Prosecutors say the person captured on those videos and several others is Ahmad Khan Rahimi. The trove of digital evidence in Rahimi’s federal trial is meant to provide proof he was behind a 2016 attack that injured 30 people, but it also demonstrates the growing omnipresence of security cameras.
The Rahimi case relies “on video from security cameras in storefronts and businesses all over New Jersey and New York,” Assistant U.S. Attorney Shawn Crowley said in opening statements.
Inspired by the “ring of steel” surveillance measures in London, the New York Police Department has led the security-video push in the last decade by blanketing the city with 13,000 cameras.
In the past, civil liberties groups have complained that the cameras are an invasion of privacy. But over time, their proliferation has changed expectations about being watched.
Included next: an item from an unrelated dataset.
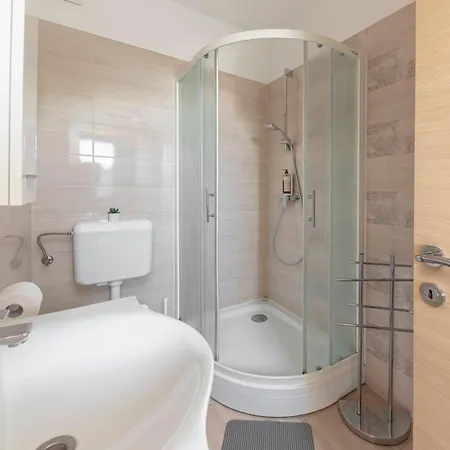 Apartma Vesna * Копер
“What we know is that there is no longer, or never was legally, any expectation of privacy on a public thoroughfare,” said John Decarlo, founder of The Center for Advanced Policing at the University of New Haven.
Challenges for the police include sifting through tens of thousands of images quickly enough to find suspects before they attack again. Another possible pitfall is the often poor quality of many of the videos.
“Someone could be falsely identified because the quality wasn’t good, or someone who may have done the crime but, say, lost 40 pounds and shaved before trial may not appear to be like the suspect on camera,” said Dennis Jay Kenney, a professor at John Jay College of Criminal Justice. “If they aren’t sharp, it can be a problem.”